Oldest known Torah scroll discovered in Italy. An Italian university professor found what is believed to be world’s oldest complete Torah scroll. Mauro Perani, professor of Hebrew at the University of Bologna, said the scroll originally was believed to be no more that about 400 years old. New studies and carbon dating tests suggest it was written around 850 years ago. The scroll had been stored for centuries in the university’s archives but had been mislabeled in 1889 as dating from the 17th century. When Perani re-examined the scroll, he realized it used a script of the oriental Babylonian tradition, hinting it must be extremely old. The professor then had the scroll carbon-dated by laboratories at Italy’s University of Salento and the University of Illinois. Both tests confirmed the scroll dated from the second half of the 12th century to the first quarter of the 13th century.
Lutheran group elects gay bishop. Evangelical Lutheran Church in America elected its first openly gay bishop, R. Guy Erwin, to oversee churches in Southern California, four years after the church allowed openly gay men and lesbians to serve as clergy. The ELCA’s five-county Southwest California Synod elected Erwin to a six-year term. Erwin, who holds a doctorate, bachelor’s and two master’s degrees from Yale University, has spent several years teaching university and seminary classes. He currently serves as a pastor at Faith Lutheran Church in Canoga Park, Calif., and a professor of Lutheran confessional theology at California Lutheran University. Part Osage Indian, Erwin also is the first Native American bishop in the ELCA. The ELCA is the largest Lutheran denomination in the United States, with more than 4 million members in 9,638 congregations. Observers note the election is likely to further strain relations between the ELCA and the nation’s second-largest Lutheran body, the more theologically conservative Lutheran Church-Missouri Synod.

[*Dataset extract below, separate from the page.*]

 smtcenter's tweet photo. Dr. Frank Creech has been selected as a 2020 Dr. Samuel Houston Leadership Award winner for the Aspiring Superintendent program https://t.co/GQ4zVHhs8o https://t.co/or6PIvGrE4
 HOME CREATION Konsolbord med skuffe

The two bodies work together on disaster relief, refugees and immigration but hold different positions on social issues.
TheMissouri governor vetoes anti-Shariah law. Missouri Gov. Jay Nixon has vetoed a bill that would have made his state the seventh in the nation to prohibit judges from considering Shariah—Islamic law—and other “foreign laws” in their decisions, saying the legislation would make it harder for families in his state to adopt children from overseas. If state judges would not be able to consider foreign decrees that are sometimes required to finalize adoptions, adoptive families and children would be left stranded, Nixon asserted. State Sen. Brian Nieves, who introduced the bill in February, called the governor’s reasoning for his veto “gibberish” and labeled as “absurd” his assertion the bill interferes with foreign adoptions. Nieves could try to override the veto; a veto override requires a two-thirds majority in both chambers, and the bill had the support of 24 of 34 senators and 109 of 167 state representatives when it passed earlier this year.